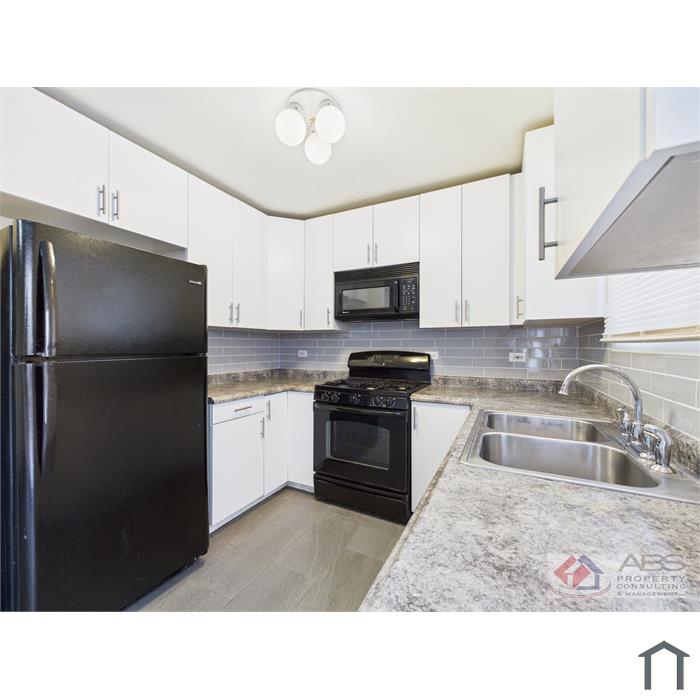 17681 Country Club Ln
* * *
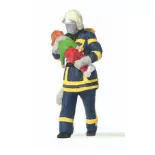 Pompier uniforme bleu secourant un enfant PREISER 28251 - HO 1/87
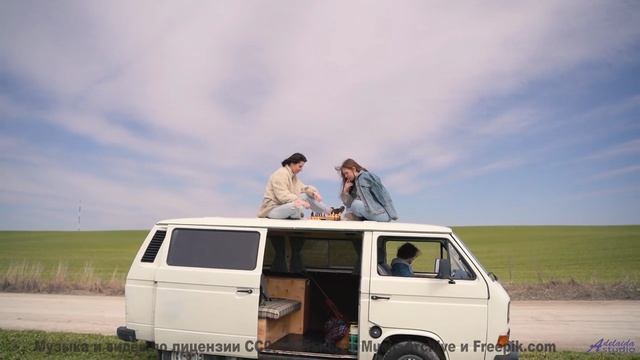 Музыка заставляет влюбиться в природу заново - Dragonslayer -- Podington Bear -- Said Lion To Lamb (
==
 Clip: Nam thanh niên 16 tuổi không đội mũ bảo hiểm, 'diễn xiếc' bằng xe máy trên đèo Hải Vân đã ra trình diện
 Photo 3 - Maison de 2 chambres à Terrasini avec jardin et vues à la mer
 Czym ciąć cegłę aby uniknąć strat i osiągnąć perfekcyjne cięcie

### What is being asked:
For the data above, set down exactly the lines from the line with "Pompier uniforme bleu" to the line with "Музыка заставляет влюбиться", both included, leaving pictures out.

### Result of this exercise:
 Pompier uniforme bleu secourant un enfant PREISER 28251 - HO 1/87
 Музыка заставляет влюбиться в природу заново - Dragonslayer -- Podington Bear -- Said Lion To Lamb (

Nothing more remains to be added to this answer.